→ Working data:

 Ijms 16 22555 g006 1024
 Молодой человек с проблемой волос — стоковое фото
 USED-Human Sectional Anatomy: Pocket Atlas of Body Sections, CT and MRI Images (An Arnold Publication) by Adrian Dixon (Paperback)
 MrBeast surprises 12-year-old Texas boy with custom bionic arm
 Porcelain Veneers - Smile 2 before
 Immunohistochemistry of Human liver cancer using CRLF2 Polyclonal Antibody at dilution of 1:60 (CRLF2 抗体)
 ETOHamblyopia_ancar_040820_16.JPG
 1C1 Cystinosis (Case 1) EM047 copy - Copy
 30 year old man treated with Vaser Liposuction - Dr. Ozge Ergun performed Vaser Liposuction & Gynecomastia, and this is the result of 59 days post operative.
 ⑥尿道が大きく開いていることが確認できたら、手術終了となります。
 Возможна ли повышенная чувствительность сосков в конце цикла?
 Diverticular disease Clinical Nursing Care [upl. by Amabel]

→ How to complete this task:
For the listing above, print only the lines starting at the line containing "Молодой человек с" and ending at the line containing "Porcelain Veneers - Smile 2 before", exactly, both included.

→ Result for this task:
 Молодой человек с проблемой волос — стоковое фото
 USED-Human Sectional Anatomy: Pocket Atlas of Body Sections, CT and MRI Images (An Arnold Publication) by Adrian Dixon (Paperback)
 MrBeast surprises 12-year-old Texas boy with custom bionic arm
 Porcelain Veneers - Smile 2 before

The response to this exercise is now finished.